Internet Relay Chat Bots
Written by nanook on or about April 19, 1996

Bots are automated programs that act like IRC clients and maintain a presence on an IRC channel in the absence of an actual human being.

There are many kinds of bots, some of them are very useful, some of them are destructive. They basically act on their owners behalf, and so like their owners, can be beneficial or destructive.

Examples of useful bots include service bots which provide some service such as the dispensing help files in response to user requests. There are bots that provide dice rolls for fantasy role playing games, bots that provide card draws for card games, bots that dispense files of real-time data such as images of the shoemaker-levy impact on Jupiter.

The most common form of a bot is what is known as a channel guard bot. In IRC channels are dynamically created and, when everyone leaves them, destroyed. Many people meet on a given channel regularly. To assure that channel is not taken over by another group, they will run a channel guard bot. Channel guard bots are also used to control content. For example, a channel guard bot can be set up on a channel intended for children to automatically kick anybody out that uses inappropriate language.

Channel guard bots which are the most common type, would not be necessary if servers maintained channel state information rather than discarding it.

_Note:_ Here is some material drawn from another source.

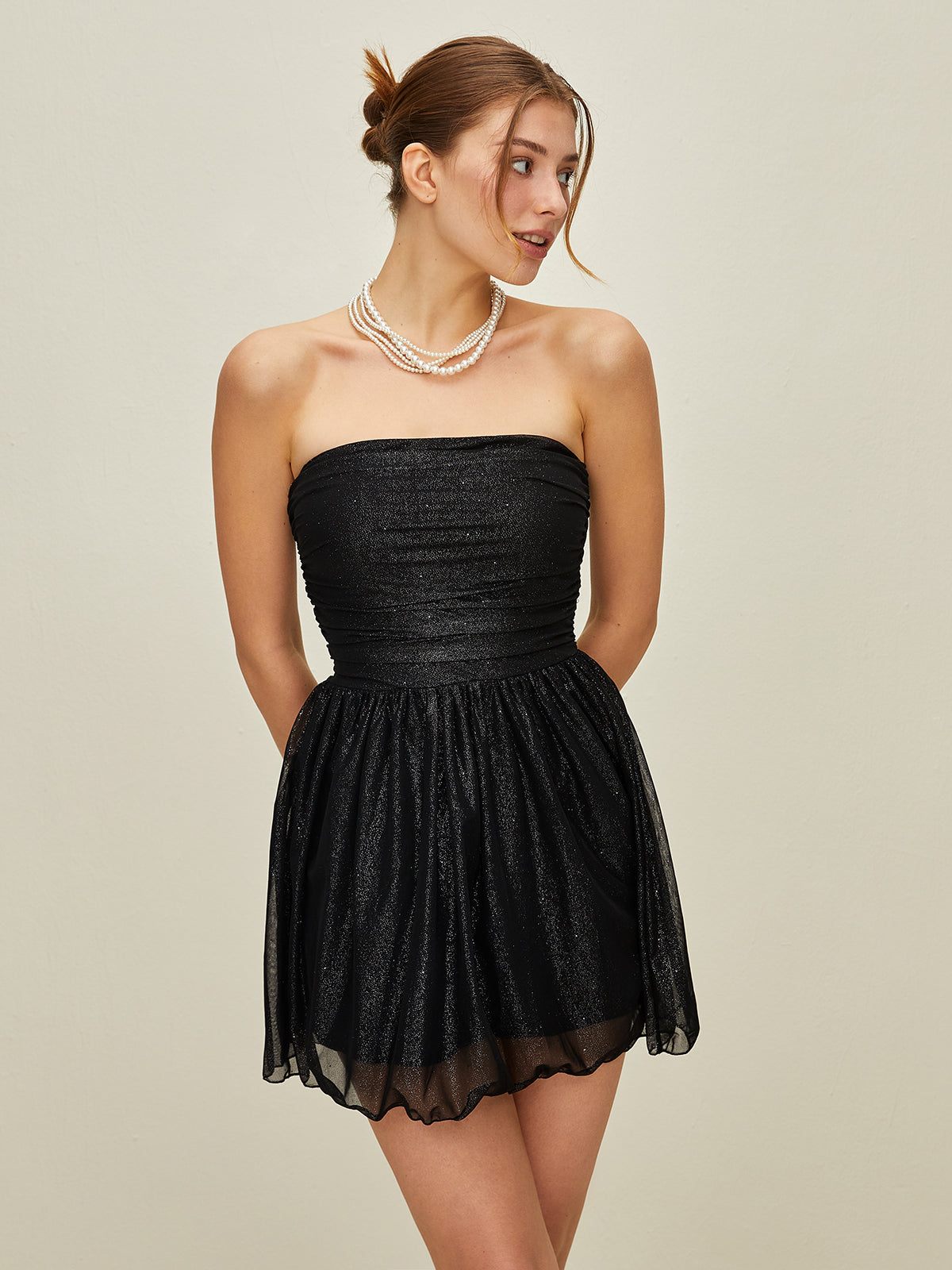 Natalia™ | Off-Shoulder Sequin Mesh Dress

To do this or not to do this seems to be a bit of a religous issue amoung operators, but from the users perspective it seems that it would be a pretty desirable feature.

There are also destructive bots. For example, clone bots launch many copies of themselves and flood a server with connection requests, disrupting normal traffic. Floodbots flood a channel, generally with worthless ASCII graphics, making that channel unusable, and then there are nick-collide bots used to try to hack operator status on a channel. We do not welcome these kinds of bots.

Bots consume resources just as a human operated client would. If the capacity of the network is inadequate, then this will cause lag, just as human operated clients will cause lag in an overloaded network. One of the problems with a network based on a star topology is that all of the network traffic must pass through some central HUB, and that places an upper limit on the growth potential for the entire network. A more fully meshed topology avoids this problem by allowing traffic to be distributed over a number of paths which grow as the number of nodes grow.